Transition into Darkness – Gimme a glimmer

 

Visit this link if you are just joining me – Part 1.   Wouldn’t want you missing parts of the story!

During my time of being what I call “lab rat” for medications several things began to occur.  I started to become much more involved in my health and wellness.  As I mentioned I had always felt that doctors knew better than me in regards to my health but that feeling subsided as I saw them struggle to figure out what was truly going on with me.

I started counseling in an effort to sort out whatever emotional things might be contributing to the problem.

Many things were happening for me at that time.  I had started a hobby that had turned into a business, took a small business course for women, got married and moved away to a VERY small town.  The changes took their toll on me.  I began to miss appointments with the counselor and eventually I stopped going.
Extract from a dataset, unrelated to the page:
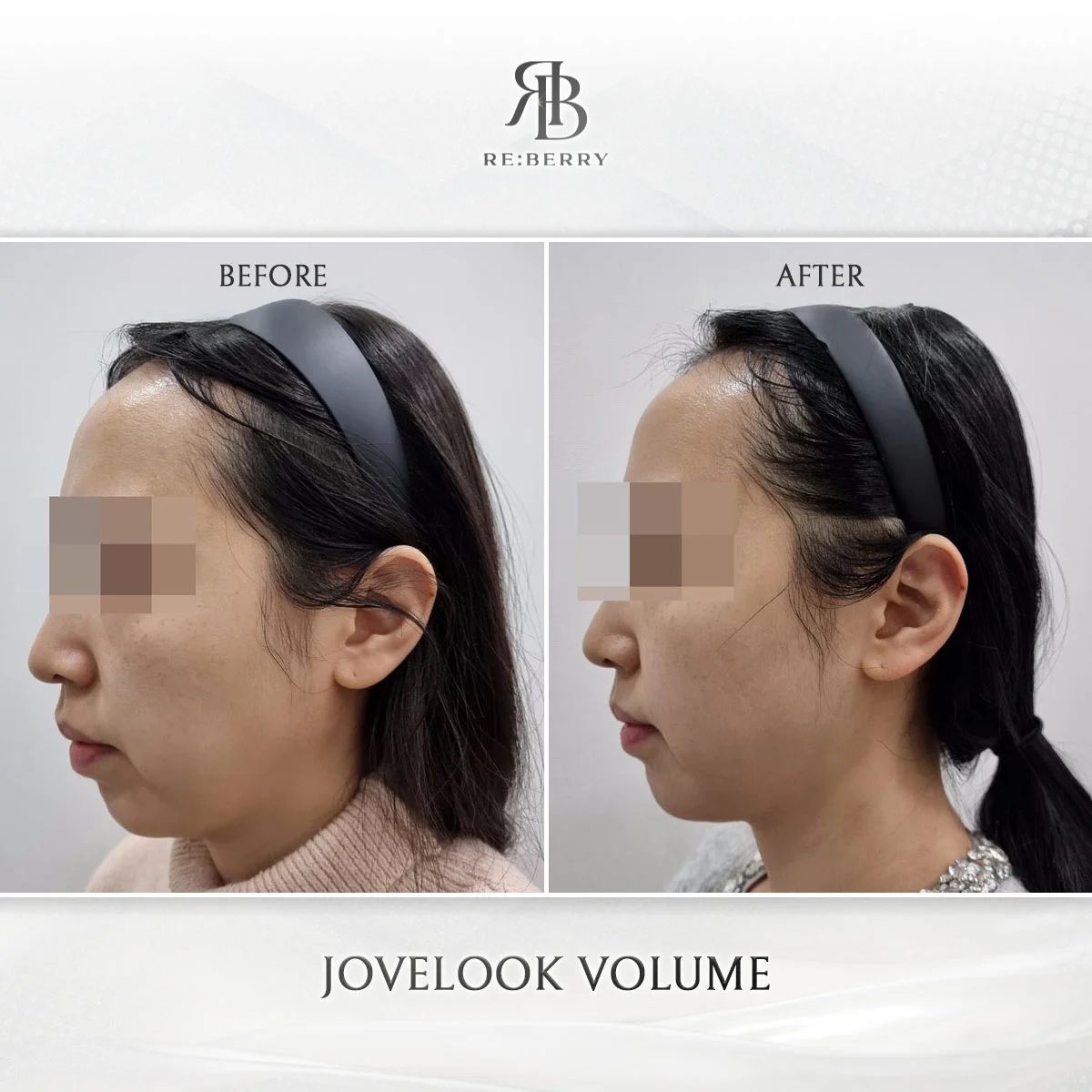 Juvelook Volume - Cheek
In the tiny town I had no support group other than my husband.  It was a short union of less than 1 1/2 years.  The end of my marriage brought new feelings to struggle with (was it all my fault, did it end because I’m nuts, would I ever be able to be in a relationship… blah blah blah my brain went on and on).  The negative banter in my mind led to serious suicidal feelings and I called my current doctor to tell him.  A police car was promptly sent to my house and I was taken to a suicide prevention hospital.
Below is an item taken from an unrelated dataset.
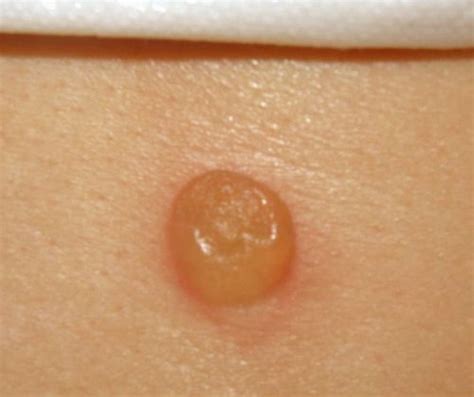 Hobo Spider Bite Pictures Symptoms Stages And Treatment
Now the title of this post is Gimme a Glimmer and that is exactly what the hospital did for me.  After I stopped having a terrible attitude about being there, and actually took part in group therapy I learned a thing or two.  Life was dealing me an overwhelming hand and I did not have the tools in place to cope with it.  I revisited many things while there. 1) I was told that my hobby/business was a helping tool.  I had brought a project with me and was told I looked more at peace as I created.  2) My marriage had been sucking the life out of me and without a support system near me I was unable to hold up under that pressure. 3) I had children that were also experiencing unknown amounts of stress just watching mom fall apart.  I left that hospital armed with the desire to focus on my health, my children and my business.  It didn’t fix everything but it sure gave me a push in the right direction, there was the glimmer I needed.